Greek filmmaker Athina Rachel Tsangari won this year’s Grand Prix for her feature debut Attenberg at the 11th edition of the New Horizons International Film Festival which sold more than 110,000 tickets in its eleven days from July 21-31.
Accepting the award from last year’s Grand Prix winner Anocha Suwichakornpong, Tsangari said that she was “particularly moved” to receive this award at “a festival which respects and loves cinema” and dedicated her prize to her cast, crew and Greek cinema.
The New Horizons Internatonal Competition Jury, which also included filmmakers Denis Côté and Hugo Vieira da Silva, gave a Special Mention to Hungary’s Sándor Kardos whose Gravedigger also took home the FIPRESCI Award, while the International Film Guide Award was handed out to Nanouk Leopold’s Brownian Movement.
Meanwhile, the Audience Award went to Argentinian director Paula Markovitch’s debut The Prize which had been in competition at the Berlinale last February.
At the same time, Asia scored twice over in the Films On Art International Competition where the main prize was accepted in person by the leading Korean director Kim Ki-duk for his documentary Arirang and Special Mention to Pyuupiru 2001-2008 by Japan’s Daishi Matsunagi.
Thanks to the awards, Attenberg, Arirang, Gravedigger and The Prize have guaranteed theatrical and DVD distribution in Poland by the New Horizons Association, the organizer of the festival.
Last year’s winners, including the Grand Prix winner Mundane History and Audience Award laureate Le Quattro Volte, were included on a seven-title DVD box released to coincide with this year’s edition of the festival.
Meanwhile, the two prizes in this year’s New Polish Films Competition went to feature debuts: the PLN 100,000 Wroclaw Film Award was presented to It Looks Pretty From A Distance by co-directors Wilhelm and Anna Sasnal, and the PLN 40,000 prize for Best Debut went to Jan Komasa for Suicide Room which had its world premiere in the Berlinale’s Panorama Special section last February.
Handled internationally by Level K, Komasa’s techno-thriller was released in Polish cinemas in March by ITI Cinema and has posted over 1m admissions to date.

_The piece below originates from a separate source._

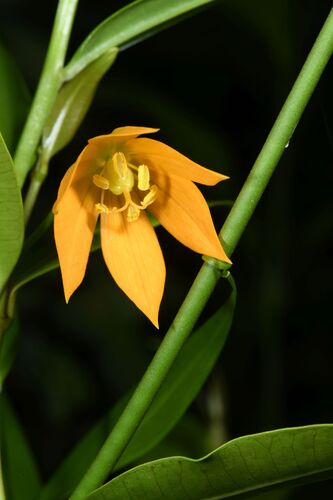 Gloriosa modesta (Gloriosa modesta)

Komasa had originally planned to be in Wroclaw to accept the award in person, but had been called back at short notice on Saturday to Warsaw for a personal meeting with Poland’s Prime Minister Donald Tusk. He was then prevented from returning to Wroclaw on Sunday by heavy rain which closed down Warsaw’s international airport.
There were suggestions that Komasa’s plans to make a film about the Warsaw Uprising could have been the reason for the appointment with Tusk, since today (August 1) will mark the 67th anniversary of the outbreak of the Uprising in 1944.

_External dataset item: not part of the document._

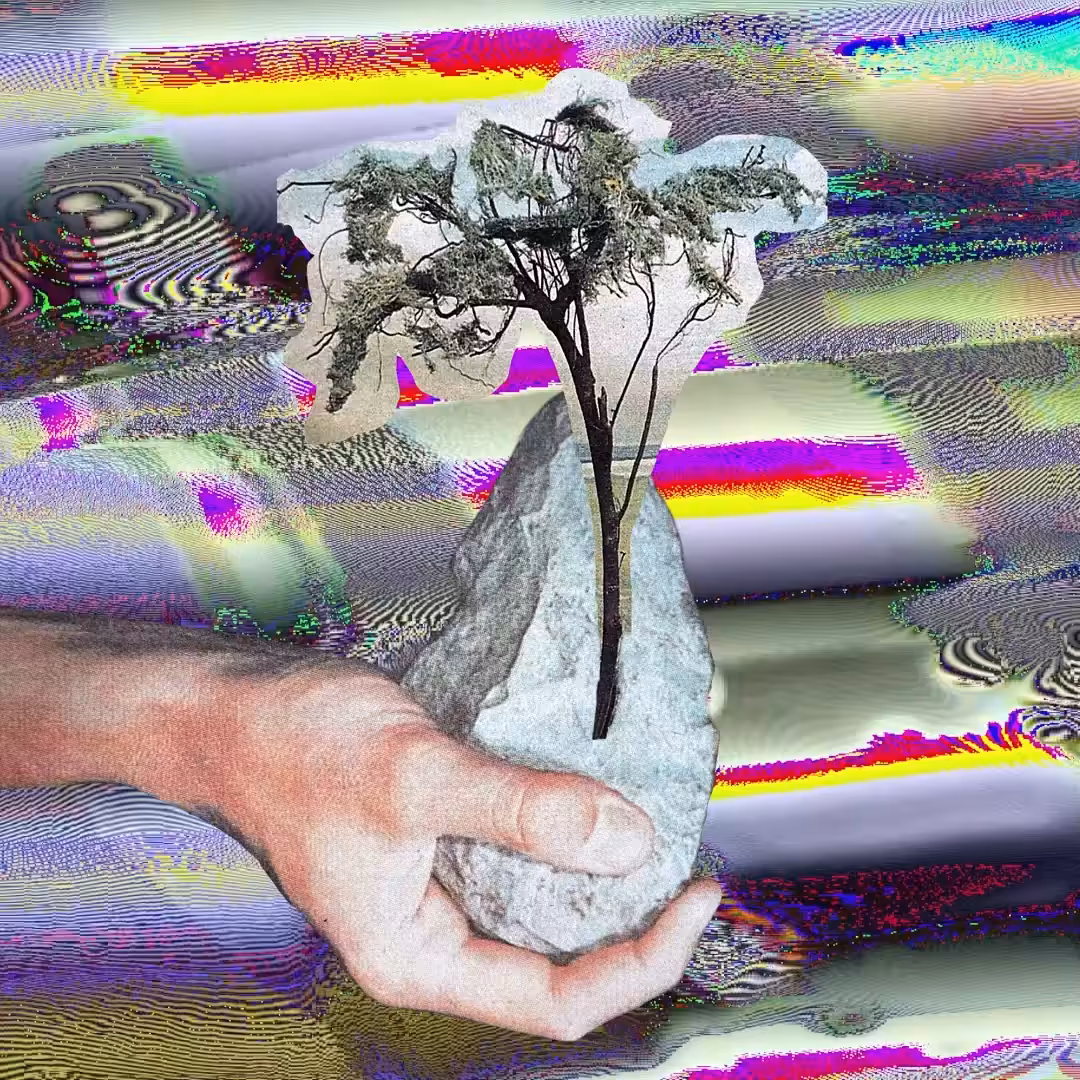 SEED+BOSQUE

Filmmakers in attendance included Terry Gilliam, Bruno Dumont, Asghar Farhadi and Urszula Antoniak.
During this year’s New Horizons festival, French sales agent Wide Management announced that it has added another Polish film to its sales lineup with the acquisition of documentary filmmaker Rafael Lewandowski’s fiction feature debut The Mole (Kret). The story about the misadventures of a miner who was a member of the Solidarity movement under Communism is opening in Polish cinemas this Friday (Aug 5).
Wide Management’s roster of Polish titles includes Bartosz Konopka’s engrossing tale of a father-son relationship Fear of Falling which is his feature debut after the Oscar-nominated short Rabbit a la Berlin, Lech Majewski’s English language film The Mill And The Cross, with Michael York, Rutger Hauer and Charlotte Rampling, as well as the Romanian-Polish animated documentary Crulic – The Path To Beyond by Anca Damian which has its world premiere on Locarno’s Piazza Grande next weekend.
Arkadiusz Wojnarowski‘s Wroclaw-based Magellan Foundation served as Polish co-producer.
Meanwhile, New Horizons’ festival president Roman Gutek announced at the end of the awards ceremony that Mexican cinema will be the focus of the 2012 edition of the festival (July 19-29) with a retrospective dedicated to one of its key figures Carlos Reygadas as well as further retrospectives on the work of the veteran Serbian director Dusan Makaveyev, Austrian filmmaker Ulrich Seidl and the experimental author Peter Tscherkassky.
New Horizons will also be staging the Funny Games EU programme of films for the European Culture Congress, which is being held in Wroclaw from September 8-11 to coincide with the Informal Meeting of EU Culture Ministers, and then organising the second American Film Festival (AFF) from November 15-20.